I seldom travel anywhere without consulting TripAdvisor. I’m a frequent poster on that forum (under the name “Douglas D”) as you’ll see, and we have many Israelis, including tour guides, who participate and help travelers.
I blog my trips under Douglas’s Trip Report (2018 or whatever the year), sometimes by city—search for that term, and you’ll find my detailed reports. The Israel forum on TripAdvisor is a great place to pose questions and get answers from people with experience in the country, often within hours. You probably found me through that forum. Of course,
TripAdvisor neither endorses nor is in any way responsible for the content of this guide.
A podcaster and travel writer named Chris Christensen has a wonderful, Internet interview program on travel at https://amateurtraveler.com. My podcast interview on Israel travel is Episode 167, and I also did an interview focusing specifically on Jerusalem at Episode 192. Check out his site for other destinations, by the way—it’s an extraordinary resource.
Where I recommend specific hotels, restaurants, or guides in this guide, all I ask is that you tell them that Douglas Duckett of Cincinnati, Ohio, USA sent you. I receive no compensation, commissions, or kickbacks from these people, but I do like them to know I made the referral, so please let them know.
Other than considering a donation to the YMCA as I suggest below, that is all I ask for providing you this information. There are many other wonderful people and places in Israel, to be sure, but I generally list only what I have personally experienced, unless otherwise noted.
As noted above, I don’t hold this out as a comprehensive guide, and when I call it a “personal guide,” it is exactly that.

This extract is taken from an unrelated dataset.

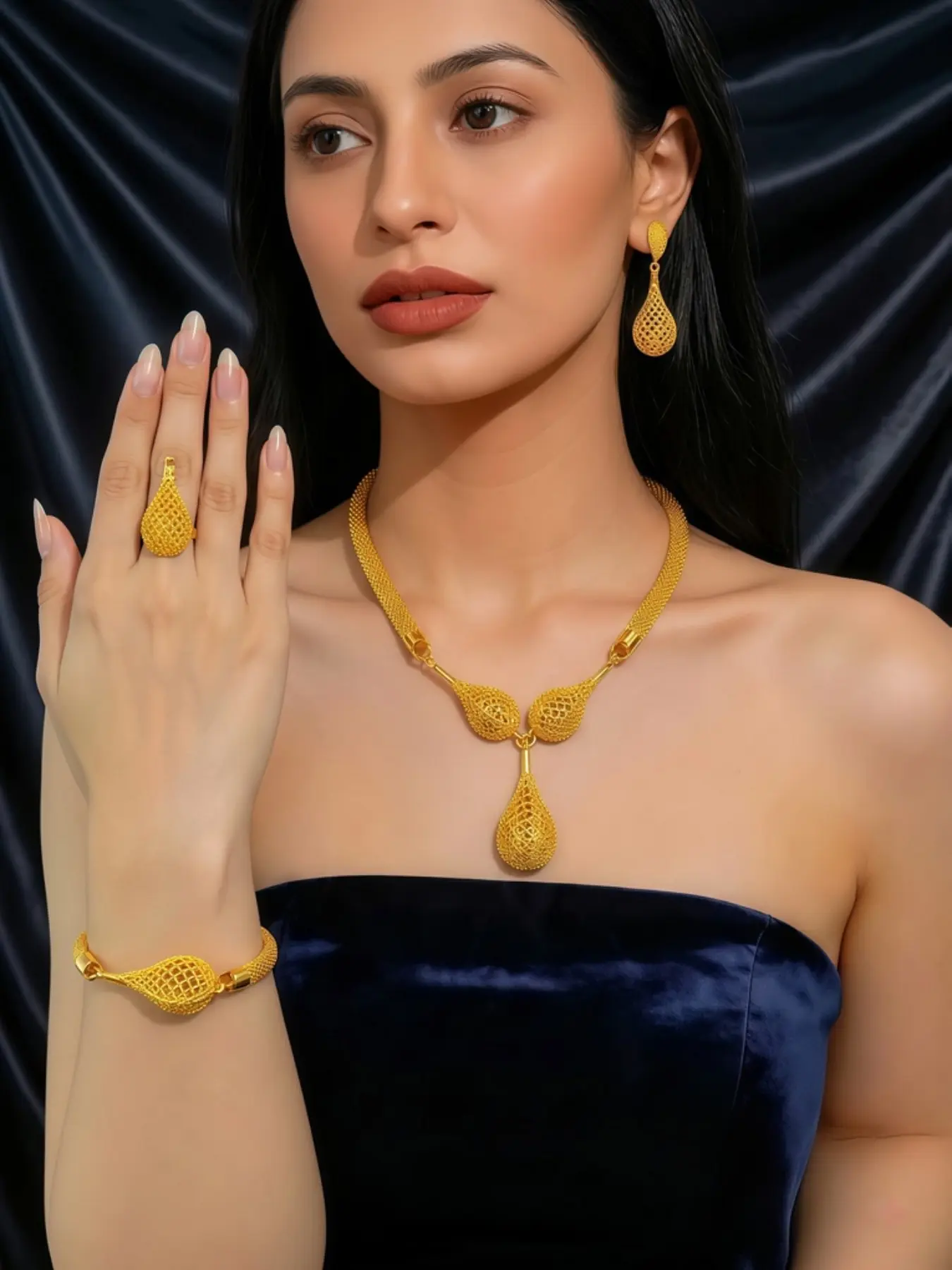 4 pieces per set of gold-plated jewelry Dubai Middle East Arabian style jewelry set exaggerated round pendant necklace bracelet ring earrings can be adjusted for ladies' dinner party accessories Necklace and Earring Set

With my guide come my opinions and they are mine alone, as are any mistakes. But you must admit, the price is right!
Finally, before proceeding to my specific recommendations, many people to whom I have sent this guide over the years have asked if they can pay me for it. The answer is, “Thank you, but no.” But if you do find this information useful, you might consider donating $25 or more to the Jerusalem International YMCA for its Jewish-Arab Peace Preschool, called “Gan ha-Shalom,” and please tell them that I sent you.
The Jerusalem International YMCA offers interfaith programs that emphasize reconciliation and co existence in this troubled land, and its work is remarkable. It was even nominated for the Nobel Peace Prize at one point. You’ll read more about it later in this guide. But I am particularly passionate about Gan ha-Shalom, a program that is committed to building bridges of understanding across the Jewish-Arab divide while children are young and have not yet learned to hate or fear.

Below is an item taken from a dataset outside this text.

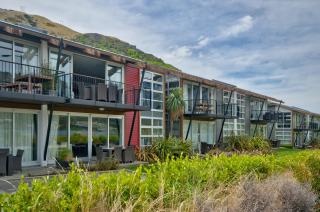 Absolute Lake Front Luxury- 2 bedroom apartment - Queenstown - 9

It is truly remarkable, and many families, particularly Arab families, cannot afford the more than $8,000 USD annual tuition, threatening the multicultural nature of the program. Please be generous. The easiest and best way to do this is through the Friends of the Jerusalem International YMCA website at www.friendsofjiy.org. Click “Give,” and then click “Select a designation,” then click “Peace Preschool.” In the comments section, you can write that you are making the donation in honor of Douglas Duckett’s guidebook.
For more information about the Jerusalem International YMCA and its other, vital programs, see www.jerusalemymca.org.

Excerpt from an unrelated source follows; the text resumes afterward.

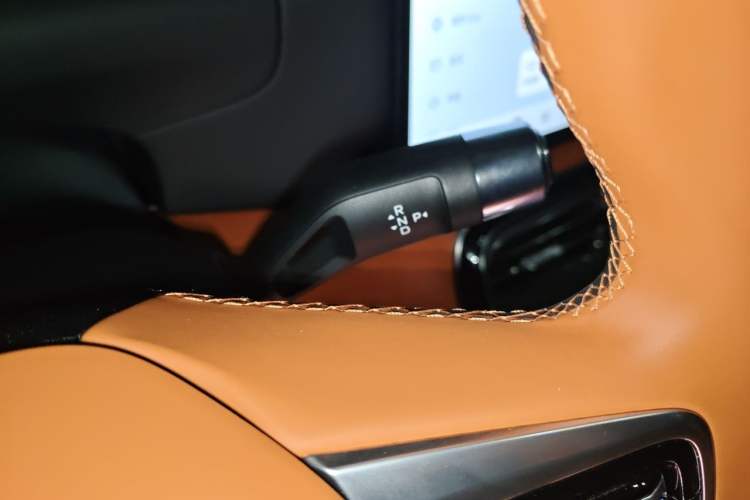 Used Geely Galaxy M9 2025 Model 230km Two-Wheel-Drive Smart Navigation Edition Gear Lever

Thanks for considering a donation to this very worthy cause. And fornon-Christian readers, I assure you that the YMCA offers programming for Jews, Christians, and Muslims alike, with members from all three communities, Israeli Jews and Muslims who have served as CEO, and a varied and integrated staff and board that includes Jews, Christian and Muslim Arabs, and expatriates who are living in Jerusalem. The Jerusalem International YMCA is a very resource for Israel and all the diverse communities that make up the rich mosaic that is Jerusalem.